As Table 4 shows, no difference was observed within the measures and sphericity of dermal bones on different layers. Between Layer 1 and Layer 3 analysis by Studenfs t test indicates no difference between the SI mean (t= 0.78625, P<0.5), which also was no observed between the Layer 3 and Layer 4 (t= 0.40036, P>0.5), and between this layer and Layer 5 (t= –0.85656, P<0.5). As they all tend to be small and semi–spherical, this variable does not seem to be a relevant predictor of mobility nor does it seem to be important with other materials. It is interesting to note, though, that those found on the uppermost layer –although too few– are the heaviest ones, thus indicating that gravity is not a relevant variable either and that there was a force acting from below. Since the analyzed deposits are sheltered from sunlight and the cave does not sustain any kind of vegetation, floralturbation mechanisms such as root and rootlets cannot be considered. Trampling, which is common in restricted spaces with an intense traffic by humans and other heavy animals, such as the Baño Nuevo–1 cave, tends to move artifacts and ecofacts a few centimeters down (Barton, 1982; Villa and Courtin, 1983; Gifford–González et al., 1985; Vermeersch and Bubel, 1997), but not in the opposite direction.
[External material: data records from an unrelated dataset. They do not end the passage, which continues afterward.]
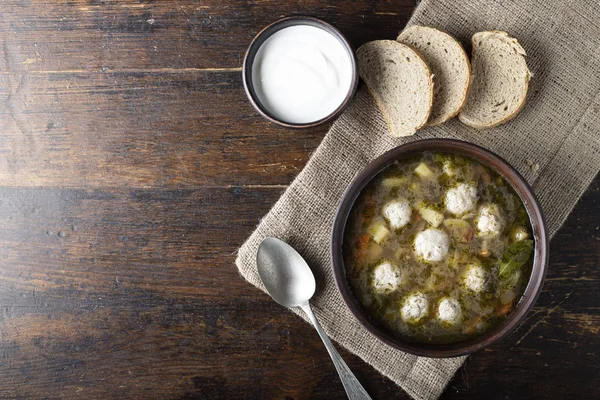 Delicious homemade soup — 图库照片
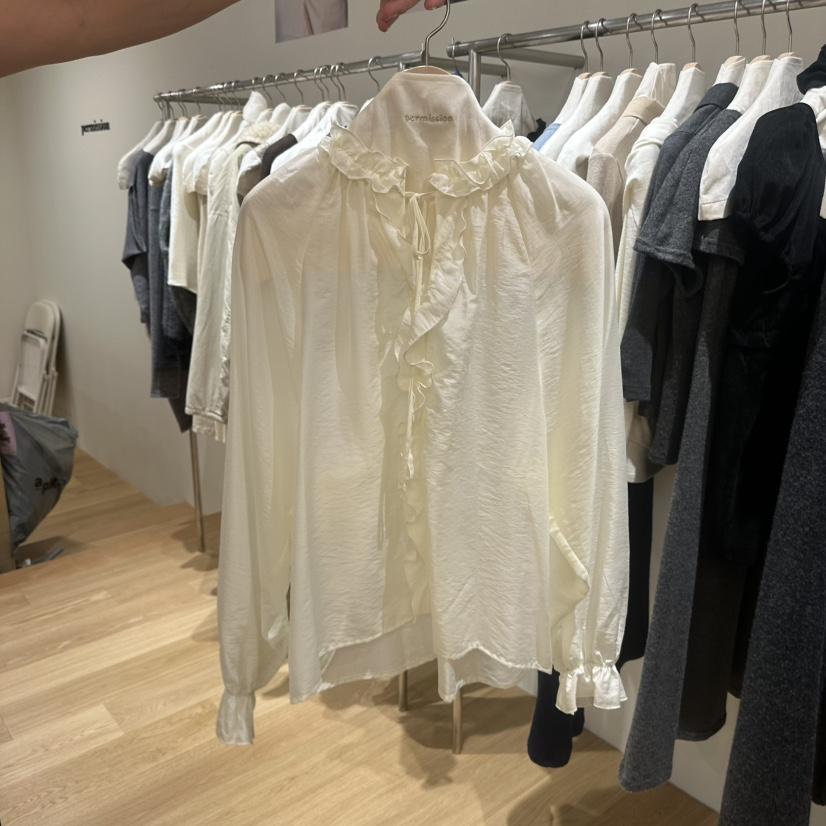 PERMISSION東大門代購女裝新款熱賣真品推薦時尚襯衫蕾絲衫PERMISSION襯衫/蕾絲衫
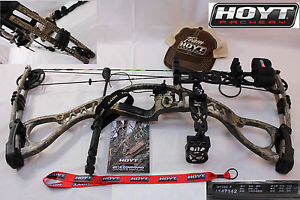 Hoyt Charger 24 to 26.5" 60# RealTree Xtra Compound Bow Full Package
As we have said before, the funerary contexts imply limited sediment movement since adult individuals were placed close to the rocky walls and covered by rocks while the infant corpses seem to have been laid to rest on the surface. On the other hand, their direct dating between 9,000 and 8,500 BP (Mena and Stafford, 2006; Velásquez and Mena, 2006) means that if there were any sediments removal it would have affected early layers and thus, cannot explain the presence of dermal bones on Layer 1. This situation also applies to the hearth cleaning and other human activities even if they went undetected (e.g., post holes) since no dermal bones have been reported from the intervening Layer 2 (3,500–100 BP). Finally, we must consider the collection of old objects and their being carried and used by the site occupants (Schiffer, 1987). However, we would expect these actions to be related to artifact making (for practical or decorative use) which is not the case.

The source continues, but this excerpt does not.